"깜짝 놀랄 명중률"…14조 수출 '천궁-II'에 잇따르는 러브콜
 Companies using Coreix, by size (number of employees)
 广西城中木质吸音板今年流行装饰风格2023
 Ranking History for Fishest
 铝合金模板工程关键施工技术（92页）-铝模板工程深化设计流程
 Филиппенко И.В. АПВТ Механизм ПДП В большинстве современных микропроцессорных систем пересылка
******
Every word in the records must appear in your copy exactly as it does above.

"깜짝 놀랄 명중률"…14조 수출 '천궁-II'에 잇따르는 러브콜
 Companies using Coreix, by size (number of employees)
 广西城中木质吸音板今年流行装饰风格2023
 Ranking History for Fishest
 铝合金模板工程关键施工技术（92页）-铝模板工程深化设计流程
 Филиппенко И.В. АПВТ Механизм ПДП В большинстве современных микропроцессорных систем пересылка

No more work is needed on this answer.